Frank szwajcarski był w ostatnich miesiącach jedną z najsilniejszych walut grupy G10, ponieważ globalna awersja do ryzyka w połączeniu ze słabością dolara faworyzowała inne waluty posiadające status bezpiecznej przystani (z ang. safe haven) w tym franka szwajcarskiego.
Przypomnijmy, że SNB jednym z pierwszych banków centralnych rynków rozwiniętych, który zdecydował się w tym roku na obniżki stóp procentowych. Pierwsza z nich miała miejsce w marcu i zaskoczyła inwestorów, gdyż bank obniżył stopy z 1,75 proc. do 1,5 proc. Później w ślad SNB poszły banki centralne Szwecji, Kanady i strefy euro. W czerwcu inwestorzy zobaczyli kolejne cięcie, jednak teraz ta retoryka ulega zmianie.
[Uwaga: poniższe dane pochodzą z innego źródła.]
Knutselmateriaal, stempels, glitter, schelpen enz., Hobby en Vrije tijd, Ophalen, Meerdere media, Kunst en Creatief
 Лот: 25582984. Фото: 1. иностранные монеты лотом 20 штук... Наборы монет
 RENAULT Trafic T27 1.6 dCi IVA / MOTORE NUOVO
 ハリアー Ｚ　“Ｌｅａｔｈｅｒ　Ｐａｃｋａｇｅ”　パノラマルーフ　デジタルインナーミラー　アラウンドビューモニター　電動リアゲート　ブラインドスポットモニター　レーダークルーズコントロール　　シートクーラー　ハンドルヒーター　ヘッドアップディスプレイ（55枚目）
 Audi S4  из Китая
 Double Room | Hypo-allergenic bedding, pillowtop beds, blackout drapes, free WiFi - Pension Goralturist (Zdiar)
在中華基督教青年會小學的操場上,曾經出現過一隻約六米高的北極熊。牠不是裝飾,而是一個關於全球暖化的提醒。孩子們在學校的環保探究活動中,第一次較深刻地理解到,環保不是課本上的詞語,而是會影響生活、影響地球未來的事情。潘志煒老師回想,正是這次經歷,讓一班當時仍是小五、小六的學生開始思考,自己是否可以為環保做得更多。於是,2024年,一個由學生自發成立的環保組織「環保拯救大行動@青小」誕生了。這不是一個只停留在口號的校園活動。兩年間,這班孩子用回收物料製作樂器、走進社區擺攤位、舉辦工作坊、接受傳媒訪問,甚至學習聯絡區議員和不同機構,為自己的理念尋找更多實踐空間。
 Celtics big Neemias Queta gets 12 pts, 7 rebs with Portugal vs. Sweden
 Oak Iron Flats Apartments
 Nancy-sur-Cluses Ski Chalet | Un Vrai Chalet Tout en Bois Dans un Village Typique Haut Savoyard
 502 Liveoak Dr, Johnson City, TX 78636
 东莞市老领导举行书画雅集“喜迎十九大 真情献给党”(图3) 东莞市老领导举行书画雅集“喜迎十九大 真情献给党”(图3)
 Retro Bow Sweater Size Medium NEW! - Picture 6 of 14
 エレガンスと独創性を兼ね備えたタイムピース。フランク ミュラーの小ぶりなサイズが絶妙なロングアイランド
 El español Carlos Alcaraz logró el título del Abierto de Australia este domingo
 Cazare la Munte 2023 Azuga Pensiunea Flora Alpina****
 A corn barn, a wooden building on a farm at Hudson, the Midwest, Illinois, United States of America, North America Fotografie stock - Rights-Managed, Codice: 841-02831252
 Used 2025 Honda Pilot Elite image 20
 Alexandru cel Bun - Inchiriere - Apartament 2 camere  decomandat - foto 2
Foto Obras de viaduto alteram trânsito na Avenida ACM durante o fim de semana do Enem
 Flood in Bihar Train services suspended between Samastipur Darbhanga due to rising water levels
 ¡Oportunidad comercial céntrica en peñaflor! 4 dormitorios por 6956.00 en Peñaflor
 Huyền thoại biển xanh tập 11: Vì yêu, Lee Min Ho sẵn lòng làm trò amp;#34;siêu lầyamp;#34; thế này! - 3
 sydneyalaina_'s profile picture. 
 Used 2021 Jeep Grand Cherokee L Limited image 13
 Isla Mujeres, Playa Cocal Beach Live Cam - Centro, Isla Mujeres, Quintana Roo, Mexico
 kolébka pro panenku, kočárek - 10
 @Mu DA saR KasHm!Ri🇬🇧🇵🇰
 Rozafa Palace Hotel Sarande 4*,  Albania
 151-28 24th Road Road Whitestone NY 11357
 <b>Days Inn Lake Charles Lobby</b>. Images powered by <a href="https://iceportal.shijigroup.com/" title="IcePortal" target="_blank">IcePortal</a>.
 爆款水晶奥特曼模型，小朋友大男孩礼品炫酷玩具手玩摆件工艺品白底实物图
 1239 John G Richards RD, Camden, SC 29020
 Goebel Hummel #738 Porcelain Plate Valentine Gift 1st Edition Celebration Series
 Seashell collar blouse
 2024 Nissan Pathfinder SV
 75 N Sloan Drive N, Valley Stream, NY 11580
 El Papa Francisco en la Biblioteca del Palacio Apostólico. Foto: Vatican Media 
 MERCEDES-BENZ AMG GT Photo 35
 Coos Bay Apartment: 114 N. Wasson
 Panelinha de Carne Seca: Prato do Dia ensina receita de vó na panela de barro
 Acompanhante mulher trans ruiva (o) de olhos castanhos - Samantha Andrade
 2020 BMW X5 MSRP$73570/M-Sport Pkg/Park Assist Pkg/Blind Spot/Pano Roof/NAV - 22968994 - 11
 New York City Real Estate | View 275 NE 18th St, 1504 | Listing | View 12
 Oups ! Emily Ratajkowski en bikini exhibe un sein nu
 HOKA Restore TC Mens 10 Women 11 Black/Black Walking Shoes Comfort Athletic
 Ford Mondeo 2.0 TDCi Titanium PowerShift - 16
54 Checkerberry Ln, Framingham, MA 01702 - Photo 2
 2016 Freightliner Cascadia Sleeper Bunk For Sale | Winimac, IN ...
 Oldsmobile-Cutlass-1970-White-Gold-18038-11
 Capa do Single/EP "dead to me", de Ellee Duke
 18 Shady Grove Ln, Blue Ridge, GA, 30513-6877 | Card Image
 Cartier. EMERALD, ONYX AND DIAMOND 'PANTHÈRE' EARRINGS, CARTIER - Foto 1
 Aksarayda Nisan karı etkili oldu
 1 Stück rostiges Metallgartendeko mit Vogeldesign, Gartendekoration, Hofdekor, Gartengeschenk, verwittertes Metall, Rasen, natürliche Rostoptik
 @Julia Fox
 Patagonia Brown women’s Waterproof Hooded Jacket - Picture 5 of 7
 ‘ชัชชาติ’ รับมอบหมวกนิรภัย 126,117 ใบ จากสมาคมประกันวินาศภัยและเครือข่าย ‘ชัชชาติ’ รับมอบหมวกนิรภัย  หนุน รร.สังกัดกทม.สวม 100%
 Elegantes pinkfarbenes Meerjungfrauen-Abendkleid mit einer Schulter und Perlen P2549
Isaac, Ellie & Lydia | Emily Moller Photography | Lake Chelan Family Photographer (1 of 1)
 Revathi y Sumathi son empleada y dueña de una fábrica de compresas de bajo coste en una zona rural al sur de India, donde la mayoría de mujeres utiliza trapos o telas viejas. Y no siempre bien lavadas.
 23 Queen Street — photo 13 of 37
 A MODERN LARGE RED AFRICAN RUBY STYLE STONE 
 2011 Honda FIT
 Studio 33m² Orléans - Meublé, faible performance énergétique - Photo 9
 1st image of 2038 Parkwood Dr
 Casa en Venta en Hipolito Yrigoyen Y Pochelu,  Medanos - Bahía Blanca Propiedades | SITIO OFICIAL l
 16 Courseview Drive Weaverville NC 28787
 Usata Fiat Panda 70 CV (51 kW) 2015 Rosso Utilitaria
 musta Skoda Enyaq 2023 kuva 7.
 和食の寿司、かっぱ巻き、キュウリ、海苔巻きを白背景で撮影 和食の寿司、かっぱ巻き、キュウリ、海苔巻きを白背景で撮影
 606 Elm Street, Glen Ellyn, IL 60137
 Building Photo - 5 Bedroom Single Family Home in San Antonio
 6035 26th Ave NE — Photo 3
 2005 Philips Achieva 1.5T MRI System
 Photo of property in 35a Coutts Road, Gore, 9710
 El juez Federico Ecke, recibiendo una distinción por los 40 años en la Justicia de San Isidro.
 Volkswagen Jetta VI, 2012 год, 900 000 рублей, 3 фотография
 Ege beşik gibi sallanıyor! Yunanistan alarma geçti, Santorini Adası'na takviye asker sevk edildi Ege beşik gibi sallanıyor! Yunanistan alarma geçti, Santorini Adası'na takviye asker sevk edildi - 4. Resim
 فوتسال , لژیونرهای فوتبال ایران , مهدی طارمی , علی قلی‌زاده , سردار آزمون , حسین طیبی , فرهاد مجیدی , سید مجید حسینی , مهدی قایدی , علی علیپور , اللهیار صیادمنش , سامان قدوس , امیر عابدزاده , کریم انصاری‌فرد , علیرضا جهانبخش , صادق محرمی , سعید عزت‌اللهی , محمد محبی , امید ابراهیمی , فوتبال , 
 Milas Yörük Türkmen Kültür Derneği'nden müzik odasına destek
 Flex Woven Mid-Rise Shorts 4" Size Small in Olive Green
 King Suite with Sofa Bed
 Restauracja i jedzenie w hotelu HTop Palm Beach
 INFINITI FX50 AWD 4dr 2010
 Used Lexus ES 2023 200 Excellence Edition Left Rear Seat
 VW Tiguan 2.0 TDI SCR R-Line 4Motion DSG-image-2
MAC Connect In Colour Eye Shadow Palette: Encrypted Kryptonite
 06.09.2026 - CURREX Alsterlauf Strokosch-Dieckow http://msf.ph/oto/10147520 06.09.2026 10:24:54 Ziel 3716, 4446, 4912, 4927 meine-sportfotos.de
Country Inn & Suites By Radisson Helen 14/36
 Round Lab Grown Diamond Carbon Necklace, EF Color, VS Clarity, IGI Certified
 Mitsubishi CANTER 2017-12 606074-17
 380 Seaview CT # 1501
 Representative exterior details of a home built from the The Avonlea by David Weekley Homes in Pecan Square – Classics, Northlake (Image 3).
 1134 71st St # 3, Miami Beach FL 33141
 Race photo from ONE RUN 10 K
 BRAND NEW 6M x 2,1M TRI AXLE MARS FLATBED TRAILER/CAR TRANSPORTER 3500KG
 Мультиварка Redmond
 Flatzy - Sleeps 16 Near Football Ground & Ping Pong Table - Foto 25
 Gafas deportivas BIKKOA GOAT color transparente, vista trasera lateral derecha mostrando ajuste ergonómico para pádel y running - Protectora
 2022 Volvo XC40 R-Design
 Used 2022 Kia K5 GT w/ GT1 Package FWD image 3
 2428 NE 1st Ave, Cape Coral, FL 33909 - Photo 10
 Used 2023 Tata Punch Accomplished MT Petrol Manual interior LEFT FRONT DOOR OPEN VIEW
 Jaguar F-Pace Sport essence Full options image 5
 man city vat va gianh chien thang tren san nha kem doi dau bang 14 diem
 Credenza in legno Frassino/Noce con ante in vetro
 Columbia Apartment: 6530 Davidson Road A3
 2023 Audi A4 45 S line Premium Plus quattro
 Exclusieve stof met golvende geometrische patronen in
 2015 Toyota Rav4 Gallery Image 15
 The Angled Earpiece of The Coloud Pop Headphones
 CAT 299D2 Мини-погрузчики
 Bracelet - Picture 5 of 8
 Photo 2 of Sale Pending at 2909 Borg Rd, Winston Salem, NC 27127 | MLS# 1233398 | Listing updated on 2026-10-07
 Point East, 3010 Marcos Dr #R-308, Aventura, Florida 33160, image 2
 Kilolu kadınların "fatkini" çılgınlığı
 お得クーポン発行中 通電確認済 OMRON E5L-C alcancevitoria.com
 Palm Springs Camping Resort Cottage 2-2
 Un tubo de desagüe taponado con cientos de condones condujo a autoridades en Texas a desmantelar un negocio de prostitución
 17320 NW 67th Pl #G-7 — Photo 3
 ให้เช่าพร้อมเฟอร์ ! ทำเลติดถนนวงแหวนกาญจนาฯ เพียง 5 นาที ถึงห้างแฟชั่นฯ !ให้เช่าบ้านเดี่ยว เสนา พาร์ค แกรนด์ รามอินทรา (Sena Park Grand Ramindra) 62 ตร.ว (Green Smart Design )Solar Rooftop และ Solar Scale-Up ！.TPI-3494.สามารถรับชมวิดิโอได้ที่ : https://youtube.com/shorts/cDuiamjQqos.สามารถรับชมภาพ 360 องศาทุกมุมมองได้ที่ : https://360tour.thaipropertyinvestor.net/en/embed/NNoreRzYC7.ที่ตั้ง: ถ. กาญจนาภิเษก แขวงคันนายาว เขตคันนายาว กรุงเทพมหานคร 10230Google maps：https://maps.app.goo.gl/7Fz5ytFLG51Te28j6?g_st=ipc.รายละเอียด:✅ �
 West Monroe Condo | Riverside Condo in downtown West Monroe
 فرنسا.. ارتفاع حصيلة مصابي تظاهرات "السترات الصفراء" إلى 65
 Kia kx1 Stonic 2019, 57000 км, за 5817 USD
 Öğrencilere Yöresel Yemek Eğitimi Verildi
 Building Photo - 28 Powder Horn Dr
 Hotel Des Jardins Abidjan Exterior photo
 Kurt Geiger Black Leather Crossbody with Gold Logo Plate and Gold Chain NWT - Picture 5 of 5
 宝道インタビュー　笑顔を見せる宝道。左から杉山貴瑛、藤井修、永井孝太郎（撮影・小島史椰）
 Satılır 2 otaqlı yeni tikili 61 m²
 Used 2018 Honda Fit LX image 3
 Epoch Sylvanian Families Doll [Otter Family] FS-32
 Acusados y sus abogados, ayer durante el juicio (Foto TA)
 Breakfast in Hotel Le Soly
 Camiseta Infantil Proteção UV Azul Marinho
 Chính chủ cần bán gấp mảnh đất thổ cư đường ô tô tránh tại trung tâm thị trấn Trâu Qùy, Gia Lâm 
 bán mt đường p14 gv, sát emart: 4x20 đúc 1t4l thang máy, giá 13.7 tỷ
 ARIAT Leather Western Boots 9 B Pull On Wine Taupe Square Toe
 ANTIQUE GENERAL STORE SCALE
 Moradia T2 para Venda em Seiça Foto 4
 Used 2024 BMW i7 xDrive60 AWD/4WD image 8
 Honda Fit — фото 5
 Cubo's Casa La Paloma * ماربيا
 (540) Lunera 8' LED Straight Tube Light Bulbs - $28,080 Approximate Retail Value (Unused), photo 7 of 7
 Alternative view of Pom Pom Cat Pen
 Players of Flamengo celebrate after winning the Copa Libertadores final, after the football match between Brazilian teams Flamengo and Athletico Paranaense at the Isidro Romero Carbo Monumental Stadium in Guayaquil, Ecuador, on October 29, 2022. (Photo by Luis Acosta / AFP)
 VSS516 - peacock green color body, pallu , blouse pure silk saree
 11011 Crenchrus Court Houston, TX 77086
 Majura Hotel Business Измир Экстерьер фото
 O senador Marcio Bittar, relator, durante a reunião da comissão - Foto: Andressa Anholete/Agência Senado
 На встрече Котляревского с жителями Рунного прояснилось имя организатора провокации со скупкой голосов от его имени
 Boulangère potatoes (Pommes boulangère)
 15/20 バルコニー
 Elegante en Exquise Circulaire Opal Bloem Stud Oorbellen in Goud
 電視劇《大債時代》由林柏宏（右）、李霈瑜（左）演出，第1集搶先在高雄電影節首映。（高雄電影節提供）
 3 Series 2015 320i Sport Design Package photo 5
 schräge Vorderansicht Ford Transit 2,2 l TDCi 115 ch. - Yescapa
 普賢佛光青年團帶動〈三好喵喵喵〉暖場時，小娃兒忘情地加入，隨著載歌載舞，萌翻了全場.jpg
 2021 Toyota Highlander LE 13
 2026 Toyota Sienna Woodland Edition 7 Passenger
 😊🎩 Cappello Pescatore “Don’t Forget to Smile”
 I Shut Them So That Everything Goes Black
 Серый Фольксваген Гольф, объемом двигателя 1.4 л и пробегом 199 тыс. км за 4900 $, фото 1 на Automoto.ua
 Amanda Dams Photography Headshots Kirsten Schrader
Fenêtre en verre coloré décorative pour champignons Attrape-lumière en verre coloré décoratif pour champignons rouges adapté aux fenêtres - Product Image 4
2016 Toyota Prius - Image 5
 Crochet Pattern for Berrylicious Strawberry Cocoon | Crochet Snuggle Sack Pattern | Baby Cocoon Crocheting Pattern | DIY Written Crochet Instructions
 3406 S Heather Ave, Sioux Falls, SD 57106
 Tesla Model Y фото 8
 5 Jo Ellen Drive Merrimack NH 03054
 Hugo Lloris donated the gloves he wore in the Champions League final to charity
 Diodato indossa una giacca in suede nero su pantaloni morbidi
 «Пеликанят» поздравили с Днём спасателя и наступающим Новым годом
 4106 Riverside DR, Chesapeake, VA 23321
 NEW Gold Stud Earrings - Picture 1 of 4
Wątpliwości co do wrześniowego ruchu (posiedzenie 26 września) sprawiły, że kurs frank wystrzelił na niemal 10-letnie maksima względem euro oraz poszybował na tegoroczne szczyty względem złotego, testując opór 4,68 zł.
Na przestrzeni ostatnich kilku tygodni kurs CHF/PLN umocnił się o blisko 30 groszy, jednak analitycy MUFG Banku nie uważają, aby był przewartościowany.
– Fala awersji do ryzyka, która przetoczyła się przez rynki w ostatnich tygodniach, przyspieszyła wzrost franka szwajcarskiego, niwelując perspektywę dalszych obniżek stóp procentowych i pobudzając wezwania banku centralnego do podjęcia dalszych działań w celu schłodzenia jego zysków. Obawy o odczyty gospodarcze w USA, napięta sytuacja geopolityczna i gwałtowna korekta na japońskich rynkach przypomniały o atrakcyjności franka jako miejsca, w którym inwestorzy parkują gotówkę w czasach turbulencji – napisali eksperci MUFG Banku.
Ponadto agencja Reuters wskazuje na zmienne zainteresowanie frankiem szwajcarskim wśród inwestorów carry-trade, którzy pożyczają waluty o niskich stopach procentowych, a następnie wymieniają je na inne, aby kupić aktywa o wyższej rentowności. Nie mają oni pewności względem przyszłych decyzji SNB, a to z kolei zniechęca ich do pozbywania się franka.
Z perspektywy technicznej kurs CHF/PLN wydostał się z formacji kanału spadkowego i jeśli obroni okolice wsparcia 4,52 zł, to kupujący mogą utrzymać wzrostową inicjatywę przez resztę 2024 r.
Dodatkowo, jeśli SNB utrzyma pod koniec września stopy procentowe na niezmienionym poziomie, to może to wywołać kolejną silną falę umocnienia szwajcarskiej waluty.